近年の災害における状況等を受け、避難所の生活環境の確保に関する様々な問題や、避難所のトイレの改善に関する課題などが指摘された。災害時に避難所において不自由な生活を強いられる状況下においても、生活の質を向上させ、良好な生活環境の確保を図ることが重要と考えられる。このため、内閣府では、市町村における避難所や福祉避難所の指定の推進、避難所のトイレの改善、要配慮者への支援体制や相談対応の整備等に係る課題について幅広く検討し、必要な対策を講じていくため、平成27年7月以降「避難所の確保と質の向上に関する検討会」を開催し、検討を重ねてきた。

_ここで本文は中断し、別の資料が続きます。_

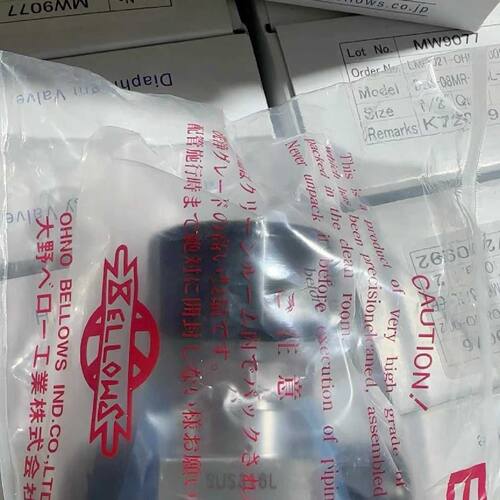 议价OHNO   1/2 MVCR  隔膜阀  现货30颗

本検討会での議論を踏まえ、平成28年4月に「避難所における良好な生活環境の確保に向けた取組指針(平成25年8月内閣府策定・公表)」の一部改訂を行うとともに、本取組指針に基づき、「避難所運営ガイドライン」、「避難所におけるトイレの確保・管理ガイドライン」、「福祉避難所の確保・運営ガイドライン」の3つのガイドラインを公表した(図表2-5-3)。
また、避難所運営ガイドライン等を補完するものとして、平成29年度に「平成28年度避難所における被災者支援に関する事例等報告書」、平成30年度に「指定避難所等における良好な生活環境を確保するための推進策検討調査報告書」を作成して公表した(図表2-5-3)。